Via E! Online: Extreme Makeover: “Star Trek” Edition

CBS Paramount gave Trekkers reason to throw their pointy ears in the air Thursday with the announcement that all 79 episodes of the original Star Trek are getting digitally remastered and will be heading into syndication next month for the first time in 16 years in honor of the sci-fi classic’s 40th anniversary.Manyof the series’ beloved yet decidedly dated visual staples, from the galaxy glimpsed in the opening title sequence to the myriad otherworldly landscapes seen from the bridge of the starship Enterprise, will receive a CGI makeover to appeal to the sons and daughters of 1960s-era Star Trek fans who actually found someone to mate with.


“We’re taking great pains to respect the integrity and style of the original,” Michael Okuda, a scenic-art supervisor on the Star Trek films and spinoffs for the last 18 years, told “Our goal is to always ask ourselves: What would [creator Gene] Roddenberry have done with today’s technology?”

Battle sequences, ship exteriors, galaxy shots and landscapes (which previously came courtesy of matte paintings) will be given more shading, depth and computer-generated believability. The original Alexander Courage-composed score has been rerecorded in stereo and, perhaps best of all,William Shatner’s opening monologue has been remastered, so that “Space, the final frontier” will sound better than ever.


Star Trek: The Original Series goes all 21st century on us Sept. 16, beginning with the first-season episode “Balance of Terror,” in which the Enterprise crew matches wits with the Romulans.

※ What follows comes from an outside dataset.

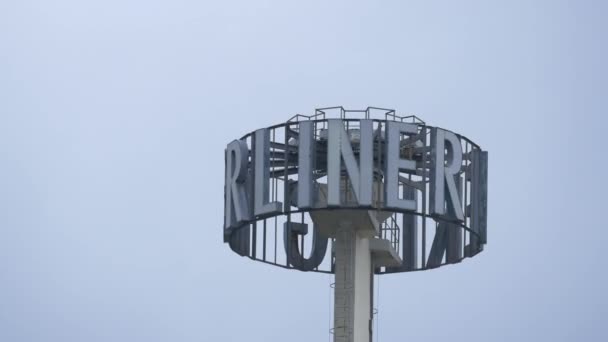 Berliner Verlag Spinning Sign — Stock Video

Intriguing. I had read some stuff in the last week or so about a CGI upgrade for the series for HD, but had gotten the impression that this was for an HD-DVD release, not for broadcast, and certainly not starting this month.  It is encouraging that the Okudas are involved, as they should know what they are doing.

Of course, spiffy new exteriors and fx may cause a sort of mental whiplash when some of the old sets come on screen.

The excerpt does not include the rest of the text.